Legislatures in multiple states have heard testimony against these bills from countless medical professionals, persons with disabilities, and those who have survived so-called “terminal” diagnosis. The testimony documents the mythical nature of four standard claims by suicide proponents.
1. Myth: You must be terminally ill.
How often does someone live past a doctor’s prognosis? Physicians, by and large, do not like making these kinds of predictions because they are difficult to make and often wrong. Under the laws being promoted, the patient is supposed to have six months to live or less. However, we know in Oregon that people receive lethal prescriptions and long outlive their prognosis. Further, this so-called safeguard has been made to apply to people who no one would think of as terminally ill such as diabetics, those with HIV, or those with hepatitis simply because they would die without treatment in six months—even though with treatment they could live much longer, even indefinitely. Assisting suicide legalization has led people to give up on treatment and unnecessarily lose years of their lives.
2. Myth: The lethal dose will ensure a peaceful death.
Barbiturates, the most commonly used method for doctor-prescribed suicide in Oregon and Washington, do not necessarily lead to a peaceful death. Under the law, the patient is prescribed dozens of pills and sent home to overdose. Overdosing on barbiturates has caused documented cases of persons vomiting while becoming unconscious and then aspirating the vomit. People have begun gasping for breath or begun to spasm. Overdosing on these drugs can cause feelings of panic, terror, and confusion. There have also been cases of the drugs taking days to kill the patient. This is hardly the peaceful death that advocates claim.
3. Myth: The patient must be free from mental illness and depression.
There is nothing in existing Oregon, Washington, or Vermont law that requires doctors to refer patients for evaluation by a psychologist or psychiatrist to screen for depression or mental illness. There is also no such requirement in any current proposal in any state. The doctors can make a referral, but nearly never do. In fact, according to the Oregon’s official state reports, in17 years of legalized doctor-prescribe suicide, a mere 5.5% of death candidates have been referred for psychological evaluation.

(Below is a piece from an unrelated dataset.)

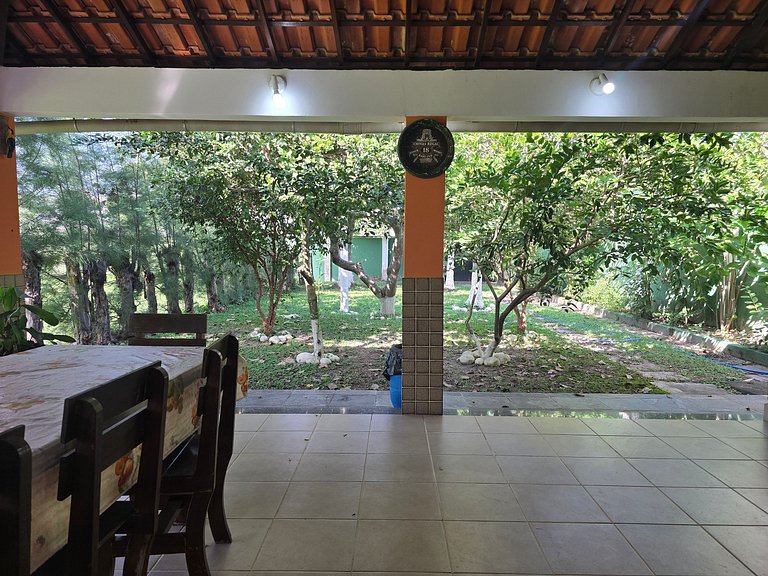 Casa 5 quartos com piscina para 16 no Boqueirão, Saquarema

4. Myth: Everything is working in Oregon .
Barbara Wagner, an Oregon resident, was seeking a cancer treatment from her state health care plan. Astoundingly, she was sent a letter from the Department of Health telling her that her plan would not cover her cancer drugs (about $4,000 a month) but reminding her that she had the option to kill herself with a suicide prescription (about $100), for which the Department would pay. (Source: ABC News, Death Drugs Cause Uproar in Oregon, 8/6/08) She was not the only resident to receive such a letter.

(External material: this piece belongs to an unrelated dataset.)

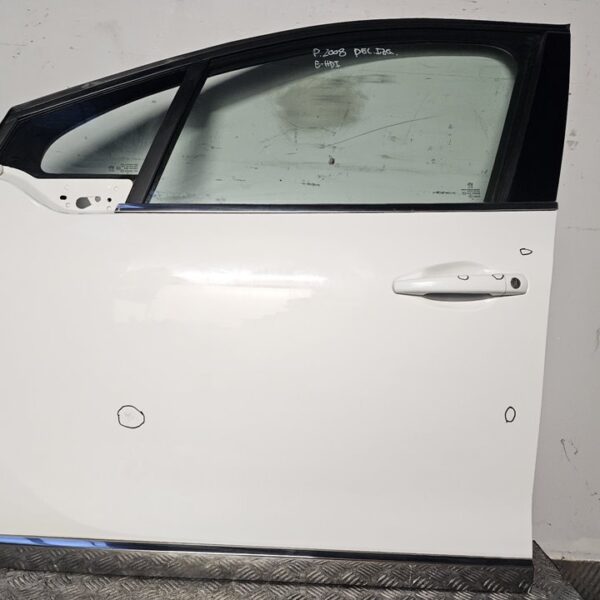 PUERTA DELANTERA IZQUIERDA PEUGEOT 2008 [9807820480]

While abuses ranging from a patient with dementia receiving a lethal dose, to numerous non-terminally ill people getting prescriptions, to pressure from the state health plans to utilize the cheaper suicide option have been documented and exposed, the real depth of abuses is difficult to know. The law relies on doctors to self-report. However, there is no penalty if they do not report statistics and complications. Furthermore, doctors are not held to the ordinary standard of medical malpractice in implementing the “safeguards,” but a far lower one. Under Oregon law, the death certificate is actually falsified so that it lists some other condition, not suicide, as the cause of death. And much to the dismay of many families who found this out too late, the law does not require families to be notified of a patient’s suicidal intent.